The top was taken by my husband on our journey across the country.  I was 24.

So much life has happened in between.

Tuesday, July 9, 2013

An imperfect life.

I am a wannabe perfectionist.  I like the idea of doing everything perfectly.  I like order.  I like things to be exactly correct all of the time.

I find that I am often obsessing about how to pull myself more completely together.  How I should be better.  How I should actually stick to those lists I love to make.

In reality, I am shamefully imperfect.  I try.  And try.  And try.  And fail.

Then I feel discouraged and sad.

I really ought to be better.  But, I'm not.

I should admit here that I find the post "Messy house, but we have love, laughter, life" - thoroughly annoying.  I know that's' not exactly how it goes, but you get the drift.   I like a clean house with love, laughter, life.

I have two children.  I am a stay at home mom.  This is very feasible.  Yet, I've found that very often I am pushing my children away so I can clean.  I'm working so tirelessly at something that really doesn't matter that much.

I know it's not perfect, but I've let my house go.  My husband is amazing, he simply smiles and tells me it looks like a lot of life has been lived in our home.  And it has.

We live.  Sometimes it's perfectly clean, but usually there is a line of toys from one room to another.  There is a stack of books that need to be mended and there is always laundry.

I am not perfect.

I'm not even a perfect mom.  Sometimes I get frustrated.  I have found it's easier to react than teach.  I try very hard to teach.  Sometimes I react.
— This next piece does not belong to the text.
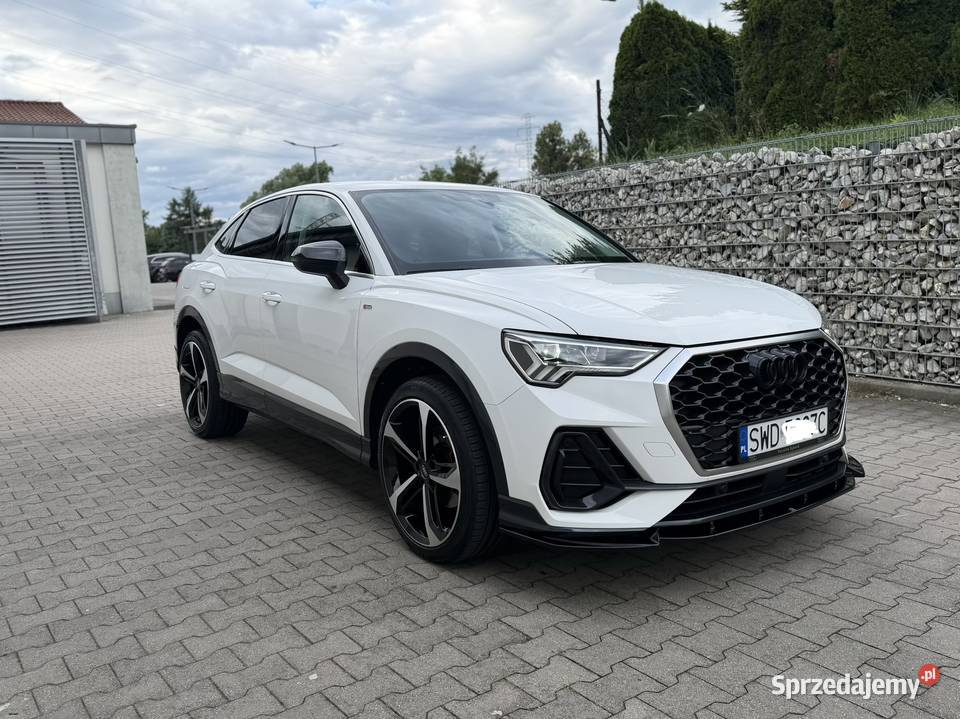Audi Q3 Sportback Igla Salon 45 przebiegu nieuszkodzony Q3 Sportback Rydułtowy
When I go out, I look like a mom.  There are moments I look like a woman, but mostly it's just this mom look that hangs like a shroud.

I probably would have been mortified when I was 14 or even 21 to know that this is what I would grow in to.

I should probably be mortified to admit to you that I like me.

I like my imperfection and my messy house.  I like my kids with watermelon dripping down their chins and running to give me hugs when they're dripping wet and I'm not.

I want to be perfect.  I'm not.

I guess I'm embracing my imperfections.  Enjoying the moments of my life that grab and shake and rattle me, until I can't breathe, then collapse in the aftermath.

This is not a giving up.  Rather it's the freedom to fully enjoy this masterpiece of a life.

I don't like failures.  I would rather be imperfect than worry about failing.

My perfect little ship has sailed.  It was never really mine to begin with, just the illusion others used to whisper in my ear.  But, they are long gone and now it's the dawning of a life lived with handprints on the window.

Cause really.   Who got time for that?!